May you enjoy the creation, salivation and satiation it brings, preferably over lunch with some of your favourite humans.
RECIPE:
Chai Spiced Poached Pears:
2 cups (500ml) water
1/2 cup (100g) brown sugar
2 chai tea bags
4 small firm pears (Beurre Bosc work well)
extra virgin olive oil for serving
Sticky Date Olive Oil Cake:
1 1/4 cup (200g) pitted dates (I used Medjool), roughly chopped
2 tbsp flaxseeds
1 1/4 cup (300ml) unsweetened almond milk
7 fl oz (207ml) Extra Virgin Olive Oil
175g (2/3 cup) brown sugar
1 2/3 cups (200g) self-rising flour
1 tsp baking soda
1 tsp mixed spice
1/2 tsp salt
METHOD:
Preheat oven to 180 C. Grease and line a 9 inch (22cm) spring form tin
In a medium saucepan (big enough to fit four pears), add the water, sugar, tea bags and place on medium heat. Bring to a gentle boil, and then simmer on low heat until the sugar has melted. While simmering, peel the pears (leave the stems), and slice a 1/2 inch strip off the bottom so the pears sit flat. Remove the core with a melon baller or small teaspoon and scoop out the pips from the bottom of the pear. Place the pears in the poaching liquid, cover with a lid and poach on gentle rolling heat for 15-20 minutes until a knife easily inserts into the pear. Set the pears aside to cool in the liquid. Discard the tea bags.

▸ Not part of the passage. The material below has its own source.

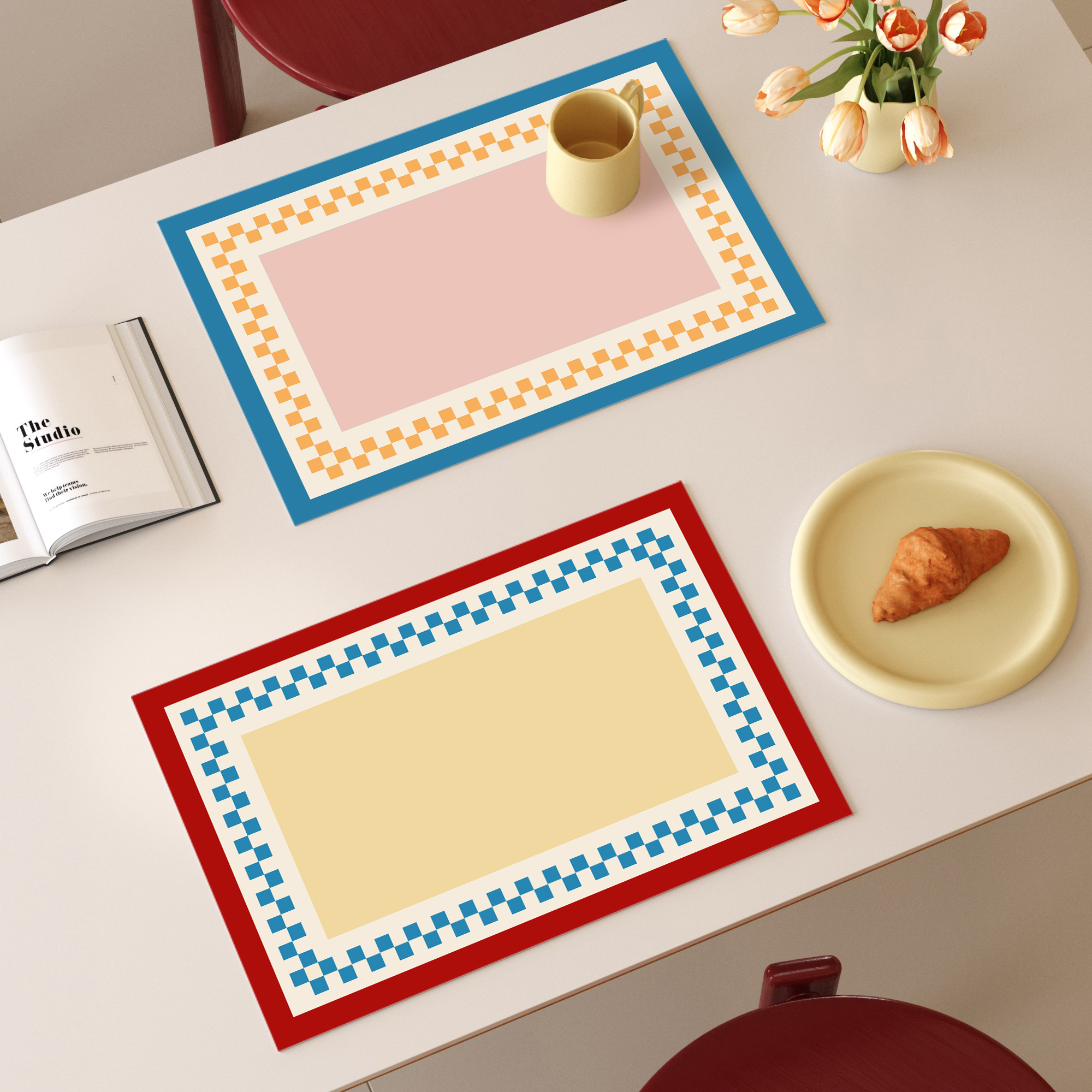 多巴胺西餐垫家用防水防油防烫餐桌保护垫酒店餐盘垫高级感隔热垫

Place the dates, flaxseeds and almond milk into a medium saucepan and bring to a gentle simmer. Cook for 2-3 minutes until the dates are soft. Place the date mixture into a blender or food processor and blitz until smooth. Add the olive oil and whizz again to combine. Set aside to cool.
In a large mixing bowl, add the brown sugar, self-rising flour, baking soda, spice and salt and whisk to combine and to get rid of any lumps. Add the olive oil date mixture and stir well. Pour the cake batter into the prepared cake tin, smoothing out the top with a spatula. Nestle the pears to stand upright into the batter (the bottom half of the pear should be covered), in a circular formation so the pears are evenly spread out. Bake for 35-40 minutes until an inserted skewer comes out clean. Set aside to cool for 8-10 minutes.
While the pears are baking, bring the pear poaching liquid back to the boil and simmer on high heat until reduced and thick, about 5-6 minutes. While the cake is still warm, brush or spoon the syrup over the cake, allowing the liquid to absorb into the cake before adding more. Keep a little syrup aside for serving.
To serve, serve slices with a scoop of ice cream (vegan if you prefer) and finish with a tiny drizzle of olive oil over the ice cream.
According to the very talented Hetty, this cake is characterised by it's bold flavours. It is moist without being gooey or dense (well, mine had the goo-factor as I took it out of the oven way too soon!). The addition of olive oil (which I thought may have been over-powering due to the large quantity) delivers an irresistible savoury and ever so slight peppery undertone, which pairs (no pun intended) with the aromatic, chai spiced pears. The cake is dark and bursting with intriguing flavours.
It is a bit of a show-piece with the pears sticking out the top and if our Cook Club foodies are anything to go by, everyone will love it, vegan or not. I say it's best served with coffee or even better, a wee glass of full-bodied Shiraz!